Evaluating LLMs on Text-to-SQL.

Course paper comparing three strategies for turning natural-language questions into SQL over real Swiss federal statistics, with a documented notebook that reproduces every step. The database-exploring agent does best on the hard questions, where grounding in the right year, geographic level, and exact categorical values matters most.

Role
Co-author
Status
Archived
Year
2026
Links

An investigation into how well different strategies turn natural-language questions into SQL, a task that predates LLMs and is still an active research area. A course project, co-authored with Vibishek Rathirajan, delivered as a short report plus a documented Jupyter notebook that reproduces every step.

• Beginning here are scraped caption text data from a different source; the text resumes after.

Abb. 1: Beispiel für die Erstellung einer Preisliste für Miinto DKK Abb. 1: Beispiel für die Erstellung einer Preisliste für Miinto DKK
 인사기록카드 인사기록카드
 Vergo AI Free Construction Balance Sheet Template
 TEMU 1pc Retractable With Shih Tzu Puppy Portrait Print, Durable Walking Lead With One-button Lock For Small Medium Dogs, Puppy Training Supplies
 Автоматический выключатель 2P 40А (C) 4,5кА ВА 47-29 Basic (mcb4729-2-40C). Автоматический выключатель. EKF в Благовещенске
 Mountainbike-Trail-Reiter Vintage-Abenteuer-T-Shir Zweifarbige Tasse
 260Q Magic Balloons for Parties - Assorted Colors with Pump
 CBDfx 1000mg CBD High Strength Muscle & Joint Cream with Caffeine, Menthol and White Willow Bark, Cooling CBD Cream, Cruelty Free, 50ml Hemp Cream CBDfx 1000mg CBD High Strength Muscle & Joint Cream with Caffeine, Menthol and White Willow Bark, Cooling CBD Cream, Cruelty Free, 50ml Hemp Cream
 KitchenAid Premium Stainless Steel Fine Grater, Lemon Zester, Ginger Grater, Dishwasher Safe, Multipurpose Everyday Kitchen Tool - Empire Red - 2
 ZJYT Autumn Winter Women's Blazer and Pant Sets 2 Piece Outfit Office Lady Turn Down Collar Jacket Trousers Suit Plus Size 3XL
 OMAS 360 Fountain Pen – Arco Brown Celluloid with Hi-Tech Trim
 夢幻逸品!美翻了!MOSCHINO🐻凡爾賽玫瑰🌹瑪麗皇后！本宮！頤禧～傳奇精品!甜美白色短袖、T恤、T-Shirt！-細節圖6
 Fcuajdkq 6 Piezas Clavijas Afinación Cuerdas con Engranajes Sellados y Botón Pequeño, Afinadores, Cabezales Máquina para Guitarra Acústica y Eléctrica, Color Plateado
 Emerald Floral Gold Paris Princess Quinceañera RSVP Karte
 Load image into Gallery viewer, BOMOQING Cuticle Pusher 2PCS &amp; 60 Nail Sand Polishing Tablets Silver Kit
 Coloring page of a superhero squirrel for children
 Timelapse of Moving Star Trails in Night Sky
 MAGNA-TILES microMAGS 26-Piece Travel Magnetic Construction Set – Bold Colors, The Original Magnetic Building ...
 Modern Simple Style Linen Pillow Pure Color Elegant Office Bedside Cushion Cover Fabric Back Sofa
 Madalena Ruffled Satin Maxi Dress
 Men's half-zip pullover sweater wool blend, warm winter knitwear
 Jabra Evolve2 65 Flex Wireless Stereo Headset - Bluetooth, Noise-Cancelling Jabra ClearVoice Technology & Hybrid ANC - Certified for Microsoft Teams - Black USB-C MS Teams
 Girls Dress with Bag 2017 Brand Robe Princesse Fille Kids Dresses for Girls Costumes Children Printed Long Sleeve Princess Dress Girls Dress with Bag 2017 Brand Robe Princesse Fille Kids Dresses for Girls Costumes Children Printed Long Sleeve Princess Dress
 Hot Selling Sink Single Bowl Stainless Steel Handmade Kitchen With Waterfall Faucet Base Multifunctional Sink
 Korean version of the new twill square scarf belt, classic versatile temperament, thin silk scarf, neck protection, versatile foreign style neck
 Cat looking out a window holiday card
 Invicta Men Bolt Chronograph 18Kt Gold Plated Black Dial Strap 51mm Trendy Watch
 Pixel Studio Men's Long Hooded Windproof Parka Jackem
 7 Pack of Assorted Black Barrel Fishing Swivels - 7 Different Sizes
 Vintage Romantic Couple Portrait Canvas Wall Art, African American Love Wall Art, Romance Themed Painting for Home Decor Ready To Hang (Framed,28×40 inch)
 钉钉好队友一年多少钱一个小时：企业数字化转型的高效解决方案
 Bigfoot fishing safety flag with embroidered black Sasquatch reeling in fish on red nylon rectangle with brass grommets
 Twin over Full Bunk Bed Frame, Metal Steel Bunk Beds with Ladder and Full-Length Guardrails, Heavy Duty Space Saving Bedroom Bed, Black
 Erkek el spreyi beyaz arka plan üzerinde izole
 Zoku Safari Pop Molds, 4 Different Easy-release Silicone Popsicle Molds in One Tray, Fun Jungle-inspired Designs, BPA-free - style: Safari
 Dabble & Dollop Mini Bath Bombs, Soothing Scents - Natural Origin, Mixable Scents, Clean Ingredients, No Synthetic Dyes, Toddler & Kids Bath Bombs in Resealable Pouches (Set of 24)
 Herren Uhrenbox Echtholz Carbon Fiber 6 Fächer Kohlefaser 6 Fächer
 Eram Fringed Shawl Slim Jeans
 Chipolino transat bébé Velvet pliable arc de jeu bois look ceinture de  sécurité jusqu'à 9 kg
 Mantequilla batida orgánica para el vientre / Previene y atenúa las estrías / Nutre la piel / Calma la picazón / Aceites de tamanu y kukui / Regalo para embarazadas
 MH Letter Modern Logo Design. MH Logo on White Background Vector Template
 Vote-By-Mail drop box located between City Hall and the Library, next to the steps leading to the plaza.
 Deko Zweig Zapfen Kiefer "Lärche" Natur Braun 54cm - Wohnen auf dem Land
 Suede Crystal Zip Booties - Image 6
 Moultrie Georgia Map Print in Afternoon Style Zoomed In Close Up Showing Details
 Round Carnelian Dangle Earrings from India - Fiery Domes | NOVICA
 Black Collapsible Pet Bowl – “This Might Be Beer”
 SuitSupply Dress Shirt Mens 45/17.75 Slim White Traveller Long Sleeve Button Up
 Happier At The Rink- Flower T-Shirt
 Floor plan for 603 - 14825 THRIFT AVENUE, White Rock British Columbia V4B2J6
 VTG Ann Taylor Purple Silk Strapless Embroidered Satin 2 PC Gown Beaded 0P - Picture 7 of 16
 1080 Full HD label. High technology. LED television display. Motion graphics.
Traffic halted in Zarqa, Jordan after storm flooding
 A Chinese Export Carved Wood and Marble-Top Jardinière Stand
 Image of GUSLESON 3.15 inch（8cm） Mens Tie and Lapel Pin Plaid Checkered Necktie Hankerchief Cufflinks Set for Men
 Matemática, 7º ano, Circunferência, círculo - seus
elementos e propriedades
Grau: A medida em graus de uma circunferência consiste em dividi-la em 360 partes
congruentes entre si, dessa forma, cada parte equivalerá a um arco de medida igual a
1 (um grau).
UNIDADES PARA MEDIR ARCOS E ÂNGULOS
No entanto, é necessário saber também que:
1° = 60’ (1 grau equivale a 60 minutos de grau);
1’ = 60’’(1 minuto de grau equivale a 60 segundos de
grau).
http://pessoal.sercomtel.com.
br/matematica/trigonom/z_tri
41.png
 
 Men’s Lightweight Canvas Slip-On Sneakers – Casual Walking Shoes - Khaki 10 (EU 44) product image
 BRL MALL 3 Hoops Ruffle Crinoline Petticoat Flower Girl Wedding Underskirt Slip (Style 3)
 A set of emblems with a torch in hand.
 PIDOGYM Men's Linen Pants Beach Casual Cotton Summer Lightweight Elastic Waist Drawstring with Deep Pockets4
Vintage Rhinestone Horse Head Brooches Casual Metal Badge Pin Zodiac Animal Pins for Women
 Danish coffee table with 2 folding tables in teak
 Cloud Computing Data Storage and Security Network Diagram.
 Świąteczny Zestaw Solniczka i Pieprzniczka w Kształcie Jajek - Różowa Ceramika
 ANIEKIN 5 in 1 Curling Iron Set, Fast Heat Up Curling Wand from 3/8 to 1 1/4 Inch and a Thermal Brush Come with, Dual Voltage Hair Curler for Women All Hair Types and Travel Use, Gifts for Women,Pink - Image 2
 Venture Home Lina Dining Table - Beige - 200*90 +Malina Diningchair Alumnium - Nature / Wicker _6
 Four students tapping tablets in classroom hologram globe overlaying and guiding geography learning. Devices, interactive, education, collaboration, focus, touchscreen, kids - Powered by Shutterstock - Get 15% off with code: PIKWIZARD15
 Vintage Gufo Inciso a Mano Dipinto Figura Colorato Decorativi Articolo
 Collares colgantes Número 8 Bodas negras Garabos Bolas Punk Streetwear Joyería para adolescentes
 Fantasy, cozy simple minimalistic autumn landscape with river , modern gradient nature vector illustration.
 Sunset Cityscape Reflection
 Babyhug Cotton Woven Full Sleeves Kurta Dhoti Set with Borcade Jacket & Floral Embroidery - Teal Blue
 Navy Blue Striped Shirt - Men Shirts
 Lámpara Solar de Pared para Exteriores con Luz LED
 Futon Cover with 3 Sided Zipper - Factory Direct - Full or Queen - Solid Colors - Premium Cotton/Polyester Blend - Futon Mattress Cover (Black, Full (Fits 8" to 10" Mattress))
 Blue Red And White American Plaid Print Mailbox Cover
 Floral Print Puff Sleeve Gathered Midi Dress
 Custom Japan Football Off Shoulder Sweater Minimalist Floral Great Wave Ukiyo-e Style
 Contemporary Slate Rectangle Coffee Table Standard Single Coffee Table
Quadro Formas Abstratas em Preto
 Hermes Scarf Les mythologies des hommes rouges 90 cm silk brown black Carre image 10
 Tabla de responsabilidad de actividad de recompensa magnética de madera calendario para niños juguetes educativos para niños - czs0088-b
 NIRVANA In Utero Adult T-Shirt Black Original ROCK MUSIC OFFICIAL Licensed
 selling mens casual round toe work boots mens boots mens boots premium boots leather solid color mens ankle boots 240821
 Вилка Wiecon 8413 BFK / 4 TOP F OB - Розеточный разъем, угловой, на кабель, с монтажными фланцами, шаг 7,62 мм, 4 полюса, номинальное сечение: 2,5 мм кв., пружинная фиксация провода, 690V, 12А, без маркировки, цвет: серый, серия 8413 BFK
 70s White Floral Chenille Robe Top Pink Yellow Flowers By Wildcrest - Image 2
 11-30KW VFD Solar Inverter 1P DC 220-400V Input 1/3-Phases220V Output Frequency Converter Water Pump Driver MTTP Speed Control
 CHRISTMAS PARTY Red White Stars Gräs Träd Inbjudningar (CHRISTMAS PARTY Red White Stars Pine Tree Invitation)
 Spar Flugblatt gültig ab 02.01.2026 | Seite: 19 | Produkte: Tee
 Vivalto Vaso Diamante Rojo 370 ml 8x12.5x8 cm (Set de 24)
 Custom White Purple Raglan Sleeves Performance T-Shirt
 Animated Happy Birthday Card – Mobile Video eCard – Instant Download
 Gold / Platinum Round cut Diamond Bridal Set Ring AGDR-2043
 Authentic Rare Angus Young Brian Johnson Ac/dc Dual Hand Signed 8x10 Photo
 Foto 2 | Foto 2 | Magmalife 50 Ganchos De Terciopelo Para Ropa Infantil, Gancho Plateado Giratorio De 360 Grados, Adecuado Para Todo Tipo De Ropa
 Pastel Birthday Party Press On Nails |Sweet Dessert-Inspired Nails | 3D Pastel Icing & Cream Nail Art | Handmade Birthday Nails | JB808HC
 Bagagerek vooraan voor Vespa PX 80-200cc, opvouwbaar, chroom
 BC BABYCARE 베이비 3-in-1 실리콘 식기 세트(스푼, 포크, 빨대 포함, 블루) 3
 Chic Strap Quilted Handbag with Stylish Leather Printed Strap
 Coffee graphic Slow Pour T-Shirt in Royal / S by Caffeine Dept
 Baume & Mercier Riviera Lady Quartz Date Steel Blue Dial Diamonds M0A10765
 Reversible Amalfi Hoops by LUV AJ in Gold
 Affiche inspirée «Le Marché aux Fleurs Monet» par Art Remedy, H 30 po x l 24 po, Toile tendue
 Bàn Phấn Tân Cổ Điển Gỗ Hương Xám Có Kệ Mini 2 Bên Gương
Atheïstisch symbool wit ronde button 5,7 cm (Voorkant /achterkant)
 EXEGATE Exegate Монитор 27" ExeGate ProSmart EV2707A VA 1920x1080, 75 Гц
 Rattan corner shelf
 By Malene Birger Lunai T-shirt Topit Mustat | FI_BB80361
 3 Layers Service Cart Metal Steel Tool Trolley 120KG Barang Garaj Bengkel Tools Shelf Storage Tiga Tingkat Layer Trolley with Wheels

We built three systems that share the same model and scoring and differ only in how they write the query: a fixed grounding pipeline (generate, value-grounding, execute, repair, self-refine), a ReAct agent that explores the database with read-only tools before answering, and a hybrid where the agent drafts the query and the pipeline cleans it up.

The benchmark is StatBot.Swiss, built on real data from the Swiss Federal Statistical Office. Answering correctly needs more than the schema: the right year, the right geographic level, the exact categorical values. That is what makes it a good grounding test. Stack: Python, LangChain, LangGraph, and PostgreSQL, with gpt-oss-120b served on Groq.

The database-exploring agent did best on the hard questions, where getting the answer right depends less on the SQL and more on resolving those grounding details before the query is ever written.